RECORDS PROVIDED:

-------------------------

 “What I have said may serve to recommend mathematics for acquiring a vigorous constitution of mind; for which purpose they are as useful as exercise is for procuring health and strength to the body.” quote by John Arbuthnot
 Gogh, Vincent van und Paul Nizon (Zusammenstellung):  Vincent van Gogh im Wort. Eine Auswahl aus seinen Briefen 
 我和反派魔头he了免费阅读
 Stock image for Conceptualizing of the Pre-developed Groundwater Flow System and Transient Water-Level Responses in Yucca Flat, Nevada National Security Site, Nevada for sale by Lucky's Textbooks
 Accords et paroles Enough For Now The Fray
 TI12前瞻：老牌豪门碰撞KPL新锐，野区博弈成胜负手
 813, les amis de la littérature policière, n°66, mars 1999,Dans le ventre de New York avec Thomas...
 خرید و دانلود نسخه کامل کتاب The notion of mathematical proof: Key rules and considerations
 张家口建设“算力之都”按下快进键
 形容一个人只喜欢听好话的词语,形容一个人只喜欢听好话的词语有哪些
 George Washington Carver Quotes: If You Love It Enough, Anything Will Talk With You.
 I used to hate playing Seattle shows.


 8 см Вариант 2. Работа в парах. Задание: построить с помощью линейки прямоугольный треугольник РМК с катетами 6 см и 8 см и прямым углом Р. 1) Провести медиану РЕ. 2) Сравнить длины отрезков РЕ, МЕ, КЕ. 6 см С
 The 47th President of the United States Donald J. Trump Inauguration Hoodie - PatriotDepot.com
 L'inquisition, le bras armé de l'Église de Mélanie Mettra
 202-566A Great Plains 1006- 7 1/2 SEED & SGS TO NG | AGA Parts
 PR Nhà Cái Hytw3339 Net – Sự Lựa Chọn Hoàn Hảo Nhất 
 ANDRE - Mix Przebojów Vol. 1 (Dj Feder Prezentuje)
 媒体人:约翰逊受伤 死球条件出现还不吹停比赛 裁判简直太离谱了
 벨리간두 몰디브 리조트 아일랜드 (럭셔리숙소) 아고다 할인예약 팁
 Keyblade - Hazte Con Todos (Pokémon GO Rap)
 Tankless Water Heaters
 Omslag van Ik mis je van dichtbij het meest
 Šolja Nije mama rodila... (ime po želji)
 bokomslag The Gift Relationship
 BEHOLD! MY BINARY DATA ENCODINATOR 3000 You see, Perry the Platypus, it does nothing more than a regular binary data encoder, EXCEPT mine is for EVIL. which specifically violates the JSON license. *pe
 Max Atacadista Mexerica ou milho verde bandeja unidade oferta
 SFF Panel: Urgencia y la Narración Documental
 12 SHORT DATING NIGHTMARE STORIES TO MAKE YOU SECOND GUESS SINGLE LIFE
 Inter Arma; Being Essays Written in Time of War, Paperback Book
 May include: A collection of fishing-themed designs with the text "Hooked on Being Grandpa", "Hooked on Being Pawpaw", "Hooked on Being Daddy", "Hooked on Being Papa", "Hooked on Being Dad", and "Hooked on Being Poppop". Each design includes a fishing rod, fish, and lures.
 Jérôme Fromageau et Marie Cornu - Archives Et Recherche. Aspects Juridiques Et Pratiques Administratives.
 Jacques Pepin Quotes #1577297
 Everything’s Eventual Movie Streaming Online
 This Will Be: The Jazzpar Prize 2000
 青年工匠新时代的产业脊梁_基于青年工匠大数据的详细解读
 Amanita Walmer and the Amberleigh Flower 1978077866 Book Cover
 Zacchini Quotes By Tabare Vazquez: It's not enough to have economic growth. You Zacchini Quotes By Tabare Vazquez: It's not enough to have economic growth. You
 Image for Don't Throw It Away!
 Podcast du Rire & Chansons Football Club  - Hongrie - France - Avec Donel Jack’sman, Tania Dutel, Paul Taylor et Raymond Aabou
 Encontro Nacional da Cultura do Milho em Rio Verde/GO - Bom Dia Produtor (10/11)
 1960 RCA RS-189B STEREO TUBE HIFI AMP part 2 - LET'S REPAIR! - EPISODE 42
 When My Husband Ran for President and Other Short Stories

-------------------------

EXERCISE: Exactly as written, copy the lines from the one containing "Encontro Nacional da" to the end of the entries, both ends included.

OUTPUT OF THE EXERCISE:
 Encontro Nacional da Cultura do Milho em Rio Verde/GO - Bom Dia Produtor (10/11)
 1960 RCA RS-189B STEREO TUBE HIFI AMP part 2 - LET'S REPAIR! - EPISODE 42
 When My Husband Ran for President and Other Short Stories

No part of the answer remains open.